View Full Version : heat pipes and water cooled pcs...I
01-19-2007, 04:00 PM
are they worth it?
i see some motherboards now come with heatpipes.
and that cpu, video cards and memory can all be water cooled now...
using water means no fans so less noise, but is it better?
is it really water inside or some other liquid... doesnt it evaporate over time? some of it looks like its neon... i guess it'll be cool if your case has a cut out window to see the light show.
This (http://www.xoxide.com/water-cooling.html) might interest you, although it kind of reads like a high school science project.
01-20-2007, 09:08 AM
I'm not really convinced of their value as a computer cooling system. It isn't hard to quiet a computer with air cooling for less work and less risk than liquid cooling. I have a quad CPU computer next to me and it's close enough to silent for me that I have to put my head within a foot of the system to hear the fans. The loudest part is actually the hard drives, and those are very quiet. I say that because liquid cooling can't do anything for hard drive noise. And you still often need a fan to cool the radiator, so water cooling is mostly about relocating the fans.
The best step is to dump the stock cooling system on a graphics card and replace it with an aftermarket one. I've seen decent ones go for $20-$30 USD, price varies by region. The stock graphics fan is usually the worst in a computer anyway.
If you truly needed dead silent, you'd get the funky heat-pipe type Zalman case, which the entire case is tightly sealed and the case itself is a heat sink. It's rare to need that type of case, which is fine because it's expensive.
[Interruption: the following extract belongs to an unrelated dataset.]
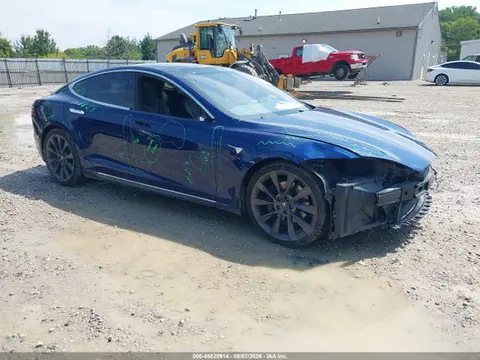 5YJSA1E2XJF290451 — 2018 Tesla Model S 100D/75D/P100D, Передняя часть справа (Right Front), фото до ремонта
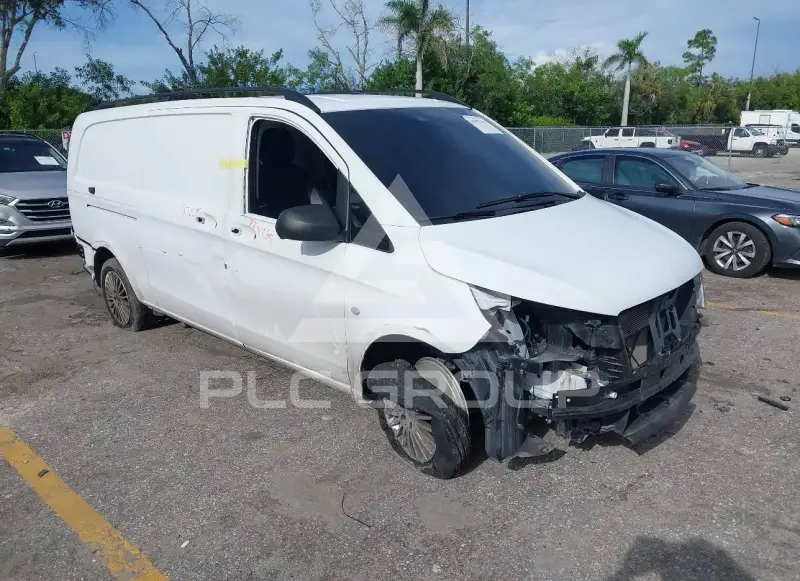 2023 Mercedes Benz METRIS photo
Water cooling is still considered exotic and it's not really worth pursuing unless you really want a high-end system that's super quiet, but motherboards and coolers with heatpipes are very common now. In fact I wouldn't trust a motherboards that isn't passively cooled. The idea behind the heatpipes is that it can shed above average heat generated by overclocking, but the design usually expects the builder of the system to put an appropriate amount of active cooling in the case in the form of intake and exhaust case fans. The heatpipes aren't much help if there is nothing to carry the heat away afterall.
01-21-2007, 09:17 PM
I'm not really convinced of their value as a computer cooling system. It isn't hard to quiet a computer with air cooling for less work and less risk than liquid cooling...
It depends how far you're going to push the machine. For most intents and purposes, I'll agree that liquid cooling is pretty much about geek cool. But for bleeding-edge SOTA builds, it makes sense. I've heard anecdotal accounts of people overclocking C2D processors up to 4-8Ghz with liquid cooling. But that's very much the exception rather than the rule.